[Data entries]
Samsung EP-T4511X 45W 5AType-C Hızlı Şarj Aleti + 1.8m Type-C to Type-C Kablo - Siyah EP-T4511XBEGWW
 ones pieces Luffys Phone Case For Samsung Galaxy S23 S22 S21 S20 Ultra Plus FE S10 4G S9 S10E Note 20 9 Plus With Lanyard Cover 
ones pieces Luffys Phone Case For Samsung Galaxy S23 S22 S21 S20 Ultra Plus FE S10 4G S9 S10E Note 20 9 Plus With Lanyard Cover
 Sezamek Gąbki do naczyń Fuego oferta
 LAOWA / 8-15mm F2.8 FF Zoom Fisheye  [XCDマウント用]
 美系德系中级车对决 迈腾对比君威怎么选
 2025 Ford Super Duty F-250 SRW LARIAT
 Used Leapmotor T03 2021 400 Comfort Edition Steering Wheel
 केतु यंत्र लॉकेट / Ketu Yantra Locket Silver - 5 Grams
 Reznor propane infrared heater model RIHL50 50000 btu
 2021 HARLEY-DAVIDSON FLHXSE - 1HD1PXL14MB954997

**YOUR GOAL**:
Each line from the one with "केतु यंत्र लॉकेट" through the end of the entries above must be set down exactly, both end lines included, and no other line may appear.

**YOUR RESPONSE**:
 केतु यंत्र लॉकेट / Ketu Yantra Locket Silver - 5 Grams
 Reznor propane infrared heater model RIHL50 50000 btu
 2021 HARLEY-DAVIDSON FLHXSE - 1HD1PXL14MB954997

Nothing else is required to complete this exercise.